GLMI looks at unemployment levels, job vacancies, wages and other market conditions, in the US and 18 European countries

Labour conditions in the UK are accelerating at a faster rate than in many other European countries, according to the US-based consultancy, Glassdoor Economic Research.

Developed in conunction with Llewellyn Consulting, the Glassdoor Labour Market Index (GLMI) looks at unemployment levels, job vacancies, wages and other market conditions, in the United States and 18 European countries.

The findings provide reliable information for employers deciding where to invest and hire and for job seekers looking for information on the countries with the best opportunities for employment.

In order to evaluate labour markets across all the countries surveyed, the index looks at country-specific data from the last nine years, and compares that data with each country’s historical figures. This research highlights which countries have performed well and which have slowed down. The index reveals that conditions are improving across the European Union as a whole, though there is considerable diversity among individual nations.

The GLMI indicates that the strongest improvements are in with Greece, Spain and Portugal. They were hit particularly hard by the financial crisis, so although they are improving, they have a long way to go before their economies replicate the more favourable labour markets conditions of Switzerland and the Scandinavian countries.

Strong growth in UK labour markets

The index reveals that growth in the labour markets of Norway and Switzerland remains well below the historic averages for these countries. In the UK, growth is fairly strong, and improvements in the labour market are happening at a faster rate than in the past. In the UK, as in Norway and Switzerland, growth is not so obvious, because the underlying economies of these countries were already performing well.

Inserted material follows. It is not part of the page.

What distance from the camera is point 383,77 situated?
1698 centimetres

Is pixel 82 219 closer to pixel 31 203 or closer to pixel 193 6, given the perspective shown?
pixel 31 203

The variation between market conditions in Europe highlights a strong north/south divide, with Switzerland, Norway, the UK and Denmark performing well, and Italy, Greece and Spain all showing poor labour markets currently. However, if the growth in Greece, Spain and Portugal continues to grow at the rate the index indicates, these countries could eventually match those of the stronger economies.

That assumes that growth continues as it is today and doesn’t take into account the uncertainty of Britain leaving the European Union and what might happen following the elections in Germany and France next year.

Meanwhile, job seekers in southern Europe still find it difficult to find employment and good wages, while a job seeker in the UK can expect to experience continued solid growth and a strong economy.